ここまで、求人票には書かれていないポイントを3つお伝えしてきました。教育体制の実態、賞与の本当の意味、離職率の隠蔽。いずれも求人票を何度読み返しても見えてこない情報です。
しかし、ここで一歩引いて考えてみてください。もっと根本的な問題があります。
人生の半分近い時間を過ごす場所を、紙の上の条件だけで選んでいる
1日は24時間。そのうち通勤時間を含めると仕事に費やす時間は10時間前後にもなります。睡眠時間を除けば、起きている時間の大半を過ごす場所が職場です。
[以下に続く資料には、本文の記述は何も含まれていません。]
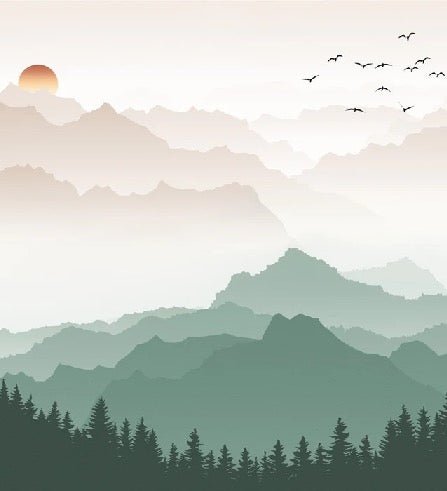Papier peint montagne dans brume terracotta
それなのに、多くの方が求人票の条件面だけで転職先を決めてしまっています。週休2.5日、月給30万円、駅から徒歩5分。条件だけ見れば申し分ないクリニックに入職したら、毎月のように誰かが辞めている職場だった — こうした話を、私たちは何度も聞いてきました。
実際に私たちのもとに年間1,000名以上寄せられる転職相談の中でも、前回の転職で「週休2.5日」「月給30万円」「駅徒歩5分」「視能訓練士複数名在籍」といった条件面だけを見て入職を決めています。そしてそのうちの少なくない方が、1年以内に再び転職を考え始めています。条件面は希望通りだったのに、です。
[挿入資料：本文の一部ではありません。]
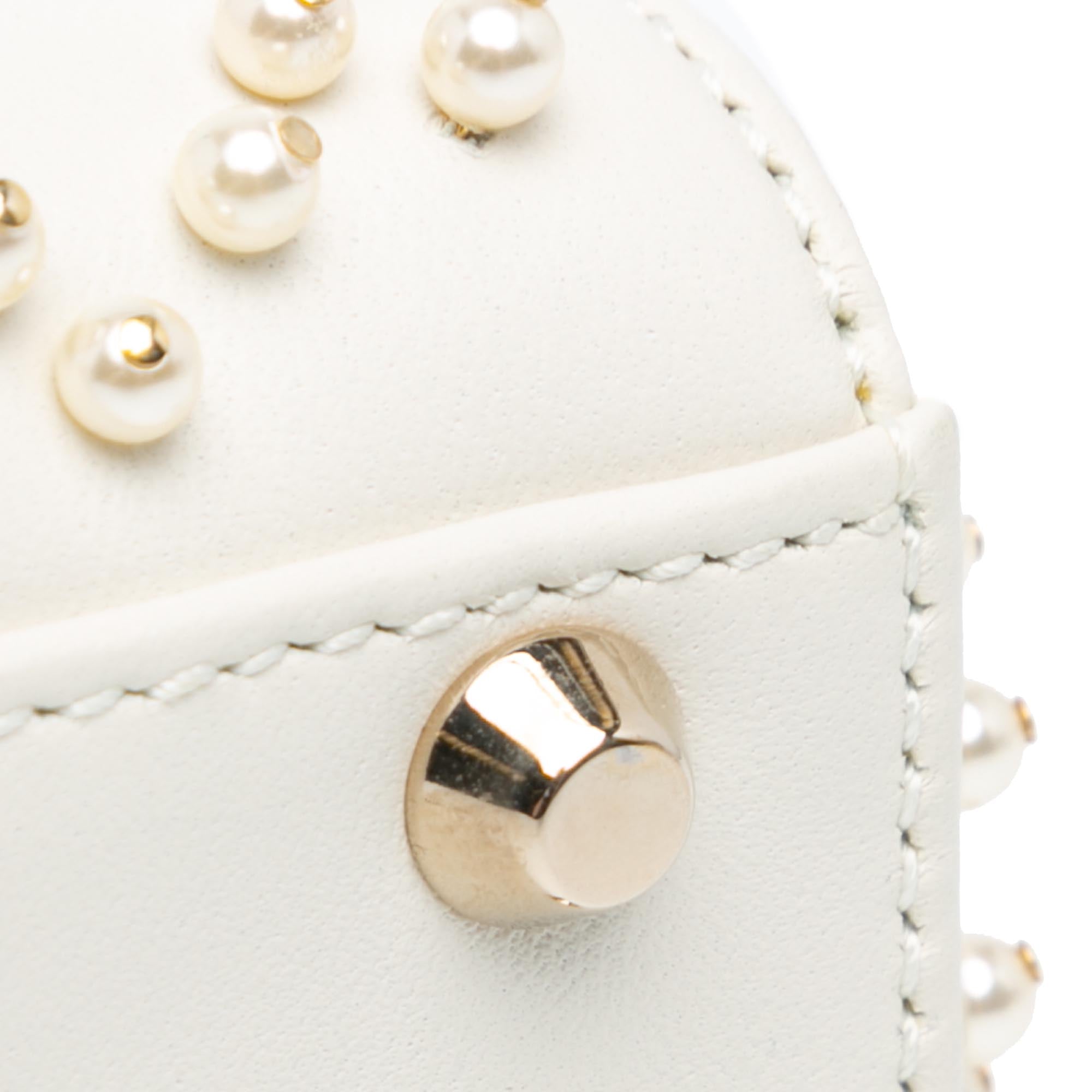 Micro Lambskin Cannage Pearl Lady Dior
家を買うときのことを想像してみてください。間取り図と価格だけ見て、内見もせずに契約する人はいないはずです。実際に現地を訪れて、日当たりや周辺環境、建物の状態を自分の目で確認しますよね。
それなのに、人生の半分近くを過ごす職場を選ぶときには、求人票の条件面だけで決めてしまう。冷静に考えると、これはかなりリスクの高い意思決定です。
本当に知るべきは「どういう職場か」ということ
条件面を確認することはもちろん大切です。しかし、その職場で長く働けるかどうかを決めるのは条件面だけではありません。
・院長がどんな方針で診療をしているのか。
・スタッフの年齢層や雰囲気はどうか。
・新しく入った人に対して、周囲がどう接してくれるのか。
・忙しいときにフォローし合える関係性があるのか。困ったときに相談できる環境があるのか。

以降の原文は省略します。